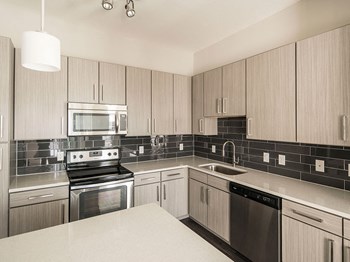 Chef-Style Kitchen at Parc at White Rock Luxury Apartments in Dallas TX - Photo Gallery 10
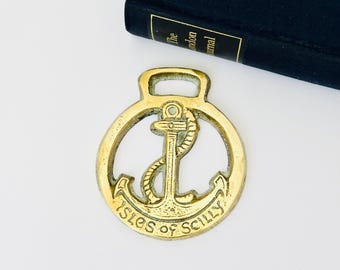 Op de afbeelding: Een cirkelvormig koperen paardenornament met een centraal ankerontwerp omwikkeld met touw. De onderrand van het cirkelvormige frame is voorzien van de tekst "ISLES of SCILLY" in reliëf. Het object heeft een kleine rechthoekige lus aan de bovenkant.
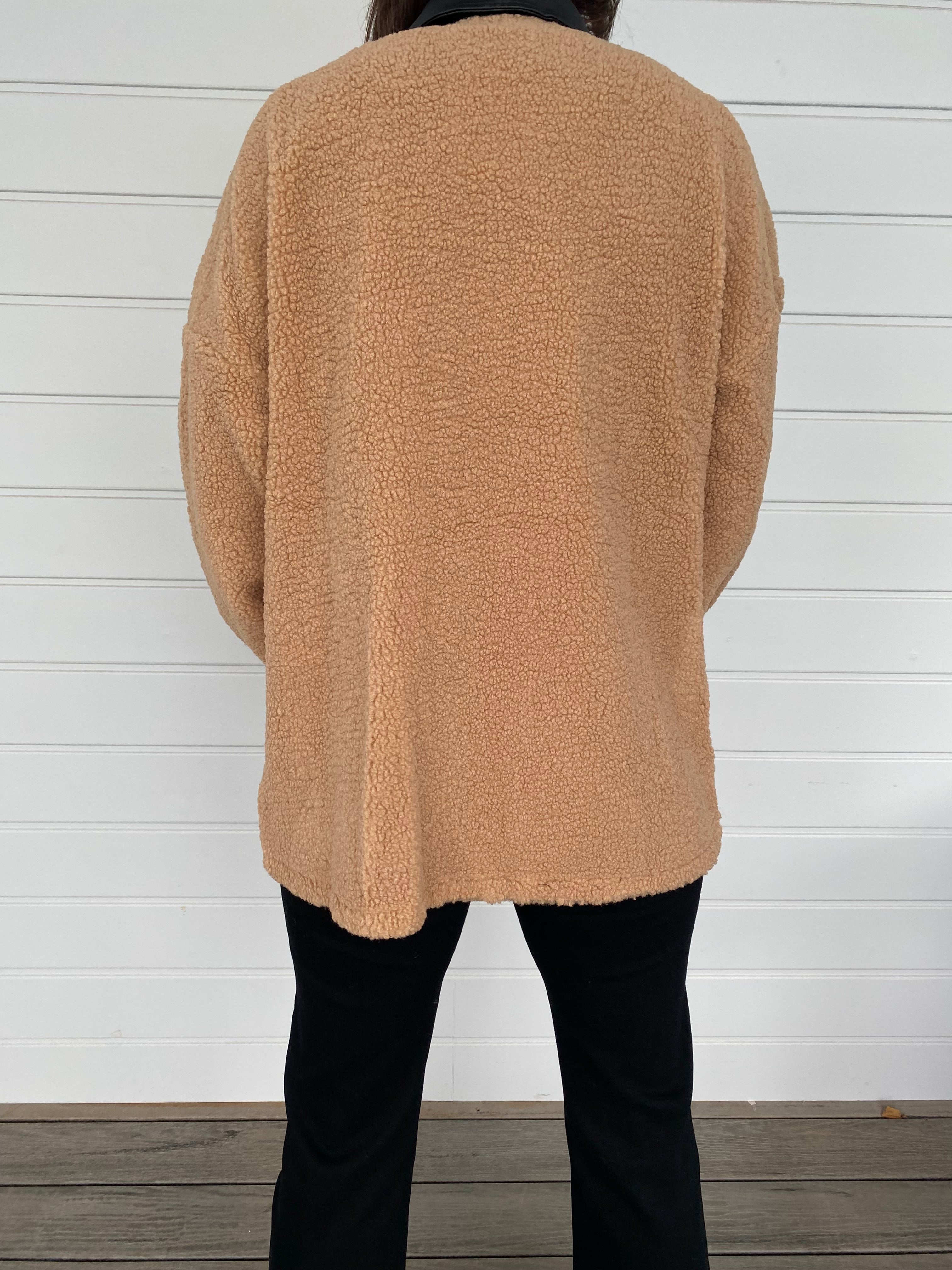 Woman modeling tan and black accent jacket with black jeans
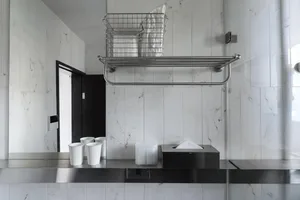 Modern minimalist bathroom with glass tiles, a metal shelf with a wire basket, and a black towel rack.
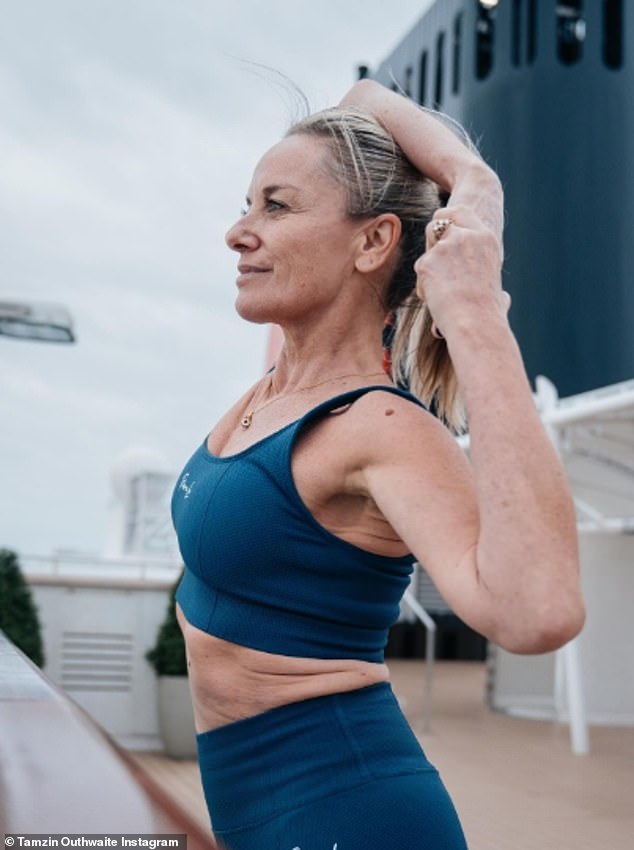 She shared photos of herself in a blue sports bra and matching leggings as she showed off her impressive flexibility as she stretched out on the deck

☆ ☆ ☆ ☆

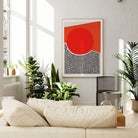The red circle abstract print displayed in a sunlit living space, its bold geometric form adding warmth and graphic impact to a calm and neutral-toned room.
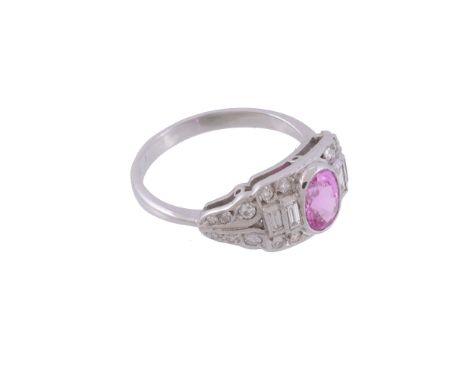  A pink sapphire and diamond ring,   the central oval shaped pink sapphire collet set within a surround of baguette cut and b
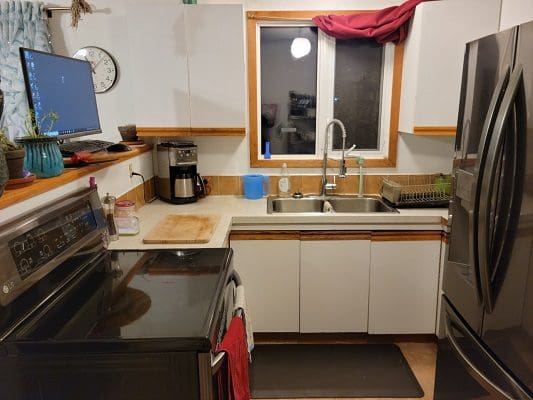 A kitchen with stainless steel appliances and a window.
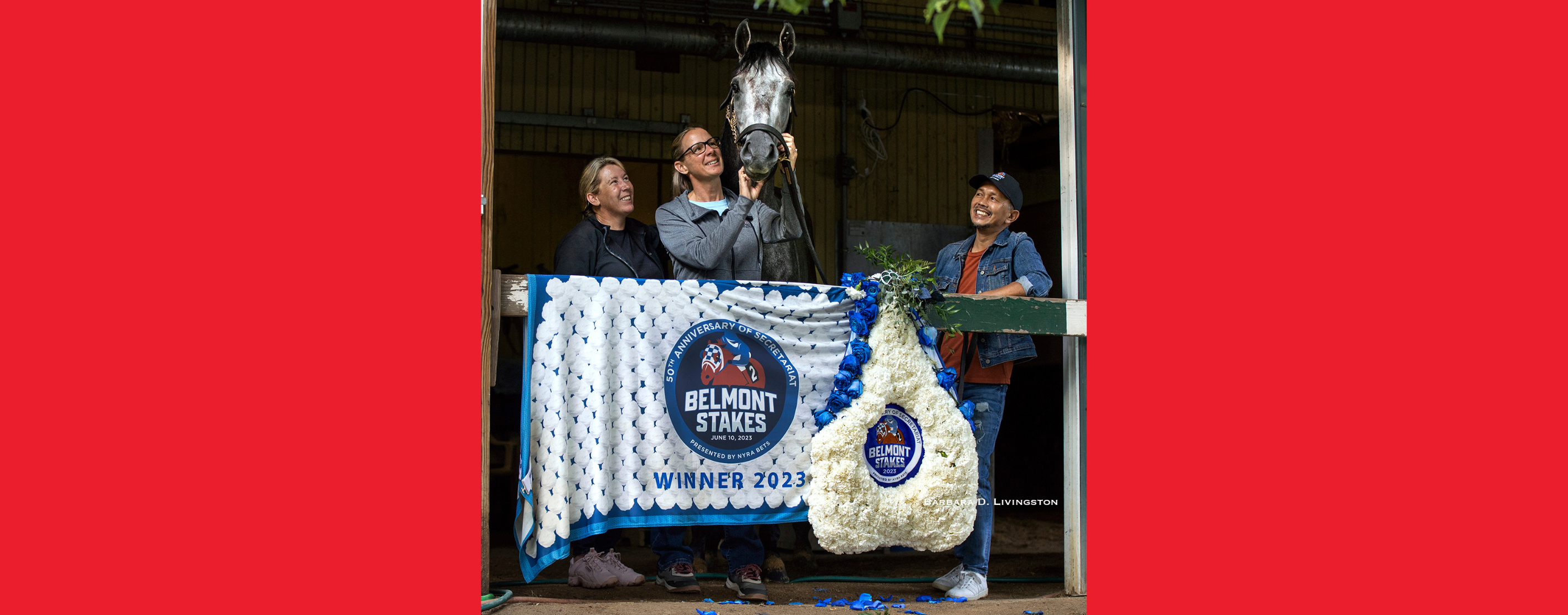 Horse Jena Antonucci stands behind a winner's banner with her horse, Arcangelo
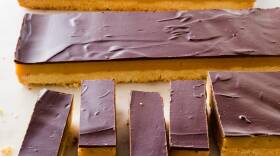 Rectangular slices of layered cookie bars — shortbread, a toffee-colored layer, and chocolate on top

☆ ☆ ☆ ☆

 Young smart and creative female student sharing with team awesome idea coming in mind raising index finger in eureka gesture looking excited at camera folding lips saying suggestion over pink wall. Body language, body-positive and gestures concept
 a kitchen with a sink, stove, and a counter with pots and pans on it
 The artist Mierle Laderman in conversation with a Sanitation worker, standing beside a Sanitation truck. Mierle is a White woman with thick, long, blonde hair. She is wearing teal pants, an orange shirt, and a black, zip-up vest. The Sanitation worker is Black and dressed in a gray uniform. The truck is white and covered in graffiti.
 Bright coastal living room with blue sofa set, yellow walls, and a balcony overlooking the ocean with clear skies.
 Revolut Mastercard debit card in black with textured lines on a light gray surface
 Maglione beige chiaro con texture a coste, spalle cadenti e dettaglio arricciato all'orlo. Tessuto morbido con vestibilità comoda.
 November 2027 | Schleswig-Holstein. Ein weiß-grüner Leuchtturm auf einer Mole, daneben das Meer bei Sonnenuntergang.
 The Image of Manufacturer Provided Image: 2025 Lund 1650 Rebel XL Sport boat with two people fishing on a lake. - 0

☆ ☆ ☆ ☆

Problem to solve
In the entries above, the lines from the one bearing "The artist Mierle" up to and including the one bearing "The Image of" should be transcribed exactly; no other line is wanted.

Solution to the problem
 The artist Mierle Laderman in conversation with a Sanitation worker, standing beside a Sanitation truck. Mierle is a White woman with thick, long, blonde hair. She is wearing teal pants, an orange shirt, and a black, zip-up vest. The Sanitation worker is Black and dressed in a gray uniform. The truck is white and covered in graffiti.
 Bright coastal living room with blue sofa set, yellow walls, and a balcony overlooking the ocean with clear skies.
 Revolut Mastercard debit card in black with textured lines on a light gray surface
 Maglione beige chiaro con texture a coste, spalle cadenti e dettaglio arricciato all'orlo. Tessuto morbido con vestibilità comoda.
 November 2027 | Schleswig-Holstein. Ein weiß-grüner Leuchtturm auf einer Mole, daneben das Meer bei Sonnenuntergang.
 The Image of Manufacturer Provided Image: 2025 Lund 1650 Rebel XL Sport boat with two people fishing on a lake. - 0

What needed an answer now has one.